Re: [DISCUSS] Enable blacklisting feature by default in 3.0

2019-03-29 Thread Reynold Xin
We tried enabling blacklisting for some customers and in the cloud, very 
quickly they end up having 0 executors due to various transient errors. So 
unfortunately I think the current implementation is terrible for cloud 
deployments, and shouldn't be on by default. The heart of the issue is that the 
current implementation is not great at dealing with transient errors vs 
catastrophic errors.

+Chris who was involved with those tests.

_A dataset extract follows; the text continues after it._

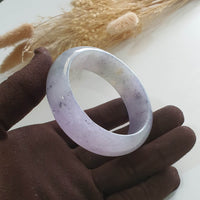Good Translucency Icy Lavender with Black Jadeite Bangle (JAC002706) 4
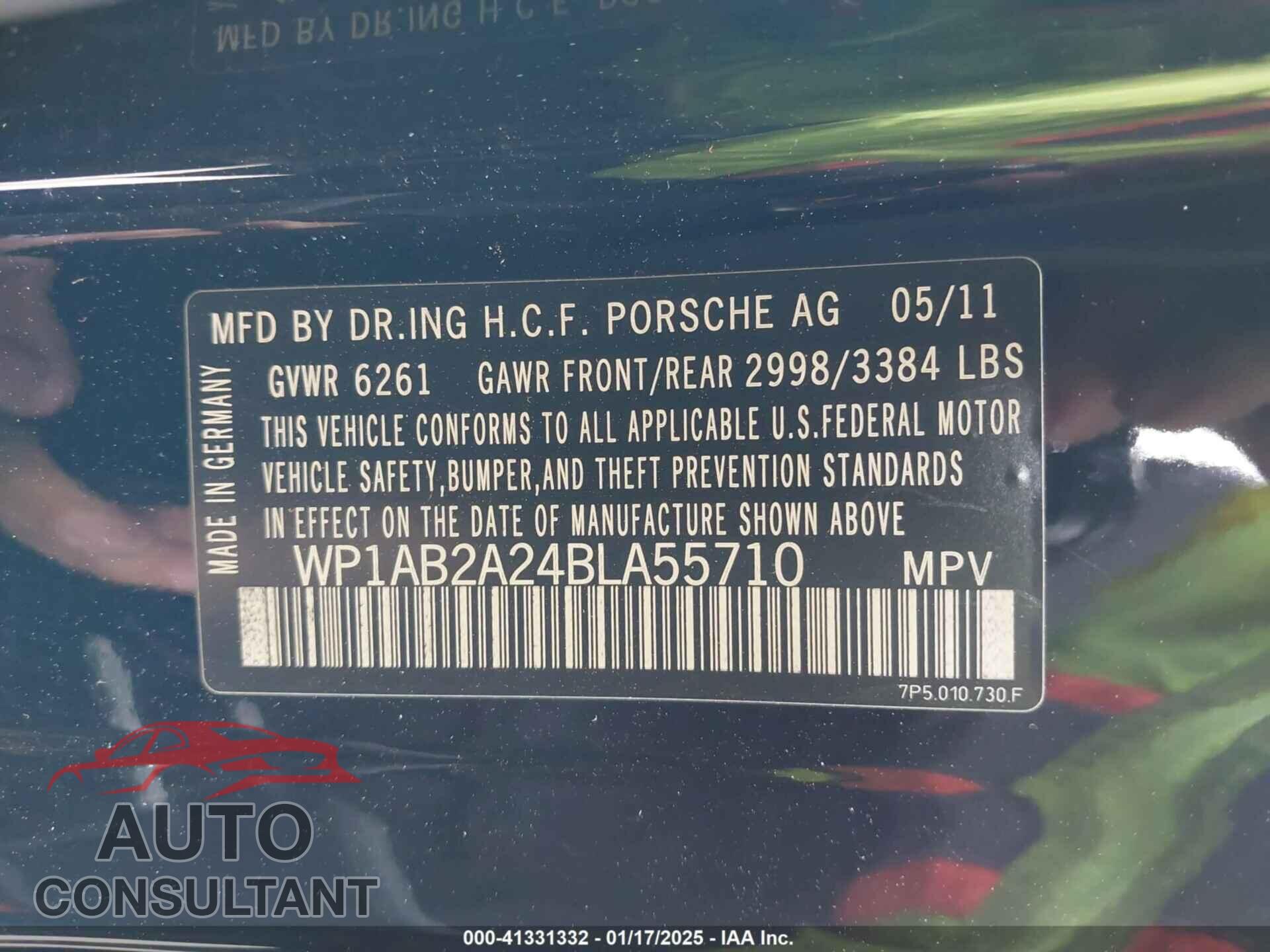 PORSCHE CAYENNE 2011 - WP1AB2A24BLA55710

On Thu, Mar 28, 2019 at 3:32 PM, Ankur Gupta < ankur.gu...@cloudera.com.invalid 
> wrote:

> 
> Hi all,
> 
> 
> This is a follow-on to my PR: https:/ / github. com/ apache/ spark/ pull/ 
> 24208
> ( https://github.com/apache/spark/pull/24208 ) , where I aimed to enable
> blacklisting for fetch failure by default. From the comments, there is
> interest in the community to enable overall blacklisting feature by
> default. I have listed down 3 different things that we can do and would
> like to gather feedback and see if anyone has objections with regards to
> this. Otherwise, I will just create a PR for the same.
> 
> 
> 1. *Enable blacklisting feature by default*. The blacklisting feature was
> added as part of SPARK-8425 and is available since 2.2.0. This feature was
> deemed experimental and was disabled by default. The feature blacklists an
> executor/node from running a particular task, any task in a particular
> stage or all tasks in application based on number of failures. There are
> various configurations available which control those thresholds.
> Additionally, the executor/node is only blacklisted for a configurable
> time period. The idea is to enable blacklisting feature with existing
> defaults, which are following:
> * spark.blacklist.task.maxTaskAttemptsPerExecutor = 1
> 
> * spark.blacklist.task.maxTaskAttemptsPerNode = 2
> 
> * spark.blacklist.stage.maxFailedTasksPerExecutor = 2
> 
> * spark.blacklist.stage.maxFailedExecutorsPerNode = 2
> 
> * spark.blacklist.application.maxFailedTasksPerExecutor = 2
> 
> * spark.blacklist.application.maxFailedExecutorsPerNode = 2
> 
> * spark.blacklist.timeout = 1 hour
> 
> 2. *Kill blacklisted executors/nodes by default*. This feature was added
> as part of SPARK-16554 and is available since 2.2.0. This is a follow-on
> feature to blacklisting, such that if an executor/node is blacklisted for
> the application, then it also terminates all running tasks on that
> executor for faster failure recovery.
> 
> 
> 3. *Remove legacy blacklisting timeout config* :
> spark.scheduler.executorTaskBlacklistTime
> 
> 
> Thanks,
> Ankur
>

Re: [DISCUSS] Enable blacklisting feature by default in 3.0

2019-03-29 Thread Ankur Gupta
Thanks Reynold! That is certainly useful to know.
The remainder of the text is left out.